Using this in ${OP^2 = OM^2 + PM^2}$,

${x^2+y^2+z^2 = \left (\frac {2x}{3} + \frac {y}{3} - \frac {2z}{3} \right)^2 + 16}$

On expanding and simplifying,

${x^2 + y^2 + z^2 -16 = \frac 1 9 \left (2x+y-2z \right)^2}$

${\therefore 9x^2+9y^2 + 9z^2 - 144 = 4x^2+y^2+4z^2 + 4xy - 4yz - 8zx}$

${\therefore 5x^2+8y^2+5z^2 - 4xy + 4yz + 8zx - 144 =0}$

This is the required equation.

Q.6 a) Find the equation of the sphere which has its center at ${(2,3,-1)}$ and touches the line

${\frac {x+1}{-5}= \frac {y-8}{3} = \frac {z-4}{4}}$

Solution : The tangent line is

${\frac {x+1}{-5}= \frac {y-8}{3} = \frac {z-4}{4} = \lambda, \ \lambda \in \mathbb R}$

Any point on this line can be represented by the coordinates ${(-5 \lambda -1, \ 3 \lambda +8, \ 4 \lambda + 4)}$.

Let ${C (2,3,-1)}$ be the center of sphere and ${M}$ be the point of contact. Then,

${\vec {CM} = (-5 \lambda -1 -2)\hat i + (3 \lambda + 8 - 3) \hat j + (4 \lambda + 4 - \ -1) \hat k }$

${=(-5 \lambda - 3) \hat i + (3 \lambda + 5) \hat j + (4 \lambda + 5) \hat k}$

Let ${\vec d}$ be the vector along the line. Its components are the direction ratios of the line, i.e. ${\vec d = -5 \hat i + 3 \hat j + 4 \hat k}$.
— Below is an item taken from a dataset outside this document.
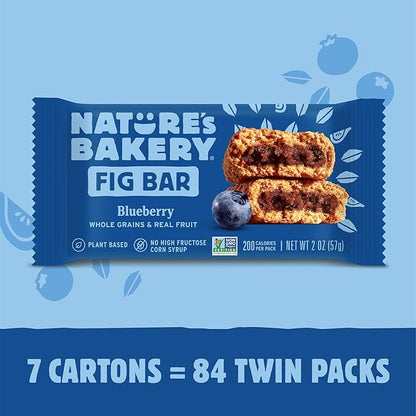 Nature’s Bakery Whole Wheat Fig Bars, Blueberry, Real Fruit, Vegan, Non-GMO, Snack Bar, 7 Boxes With 12 Twin Packs (84 Twin Packs)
Since ${CM}$ is perpendicular to the line,

${\vec {CM} \cdot \vec d =0}$

${\therefore \left [(-5 \lambda - 3) \hat i + (3 \lambda + 5) \hat j + (4 \lambda + 5) \hat k \right ] \cdot (-5 \hat i + 4 \hat j + 3 \hat k) = 0}$

${\therefore 25 \lambda + 15 + 9 \lambda + 15 + 16 \lambda + 20 = 0}$

${\therefore 50 \lambda + 50 = 0}$

${\therefore \lambda = -1}$

So, coordinates of ${M}$ are ${(-5 \times -1 -1, \ 3 \times -1 + 8, \ 4 \times -1 + 4) = (4,5,0)}$.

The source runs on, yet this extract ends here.